Dudley Park To Add Beach Volleyball, Bocce, Playground

The old roller hockey rink has already been removed in Dudley to make way for beach volleyball, bocce, basketball and a playground. (Photo by Catherine Galioto)

BERKELEY – The old roller hockey rink is gone from Dudley Park, and in its place will be beach volleyball courts, bocce, a basketball court and a new playground.

Officials described an aging park where the roller hockey rink was left in dangerous condition over time, and that Dudley Park was in need of upgrades. The park has a swimming beach, picnic grounds, playground and a connection to the county rail trail, and sits off Route 9 at the border of Cedar Creek and Lacey.
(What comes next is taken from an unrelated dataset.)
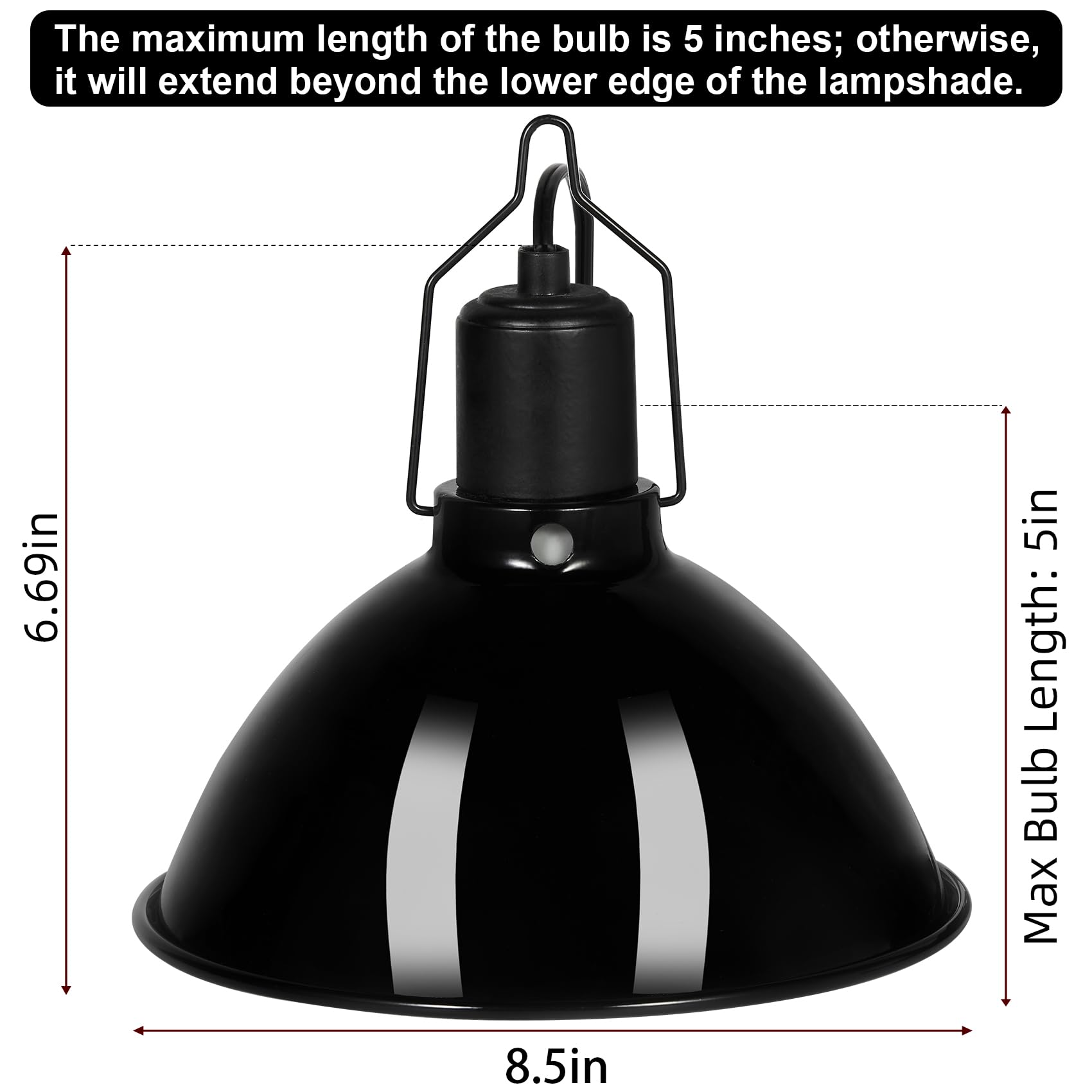 DXOPHIEX 8.5inch Dome Reptile Heat Lamp Reptile Light Fixture UVB Light Fixture Max 150W for Bearded Dragon, Turtles, Snake and Lizard Terrarium - image 2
“The rink there was really dangerous. The board was separating. The floor was cracked. It needed to be torn down. It was very, very hazardous” said Councilman Angelo Guadagno. The playing surface, its boards, scoreboard, bleachers, fencing and more were all demolished and recycled if possible. The land has been leveled and cleared so that a beach volleyball court could be added there along with other amenities.

Councilman Angelo Guadagno presents plans for Dudley Park. (Photo by Catherine Galioto)

While the township now has no roller hockey rink, Berkeley officials said the Lacey roller hockey organization has welcomed Berkeley residents to join its league.

“Dudley Park is one of our oldest parks, and it really needed some sprucing up,” said Mayor Carmen Amato. “The roller hockey rink in Dudley was not maintained well over the years. Unfortunately it was damaged during Superstorm Sandy to essentially beyond repair.”

Guadagno, who is on the parks and recreation committee, said originally they looked at repairing the rink after Sandy, but the cost was prohibitive. “Plus there always remained a risk of it flooding again with the creek there,” he said. They then discussed removing it, but wanted to add something that didn’t exist elsewhere in the township park system and would complement the wooded, creekside nature of Dudley.

“So I recommended we tear down the roller hockey rink, and it was a tough decision,” Guadagno said. The ideas were presented briefly last year in Guadagno’s comments during a council meeting, and were formally revealed at the late March council meeting.

Two beach volleyball courts, a horseshoe pit, bocce ball, half-court basketball and a new playground is planned for Dudley Park. Guadagno circulated some designs of the project at the last council meeting, showing the architectural plans.

“It will have a beautiful new playground on the side where the roller hockey was,” he said. “There were still be the other playground there on the other side of Dudley.”

The demolition work and recycling was done in-house, with the lights that were there going elsewhere in the park system, Guadagno said. Installing the beach volleyball and bocce courts will also be done by township staff, saving some money.

Amato said the project will be paid for in part through FEMA funding, since the park was damaged during Sandy. The cost of the playground portion is about $90,000, “however, because we filed with FEMA, they will reimburse the township up to 90 percent of the cost of the playground, and if you remember a couple months ago Gov. Christie freed up additional funds through the Department of Community Affairs, to get 10 percent reimbursed,” said the mayor.

Photo by Catherine Galioto

Amato said that means the township could end up paying that 10 percent if it doesn’t get approved under DCA reimbursement, but if it is approved the project would come at no cost.

He credited the help of the township beach and public works department with completing much of the work.

The councilman hopes these improvements will restore the luster to Dudley. “It’s been called a hidden gem and I think these changes will be great for Dudley. We’ve got the creek there, a lot of people head down there to enjoy it, go there to the creek with their families.”

Councilman John Bacchione asked the possibility of improvements to the creek there, citing the shallow nature as a possible dredging project. “You can just about get your knees wet,” he said.

Guadagno said the shallow creek makes it a safe swimming hole, but he’d like to see further improvements to the creek conditions, though that is farther off since such projects need state permits, said the township engineer.

“It’s going to be a gem, not a hidden gem anymore,” Guadagno said.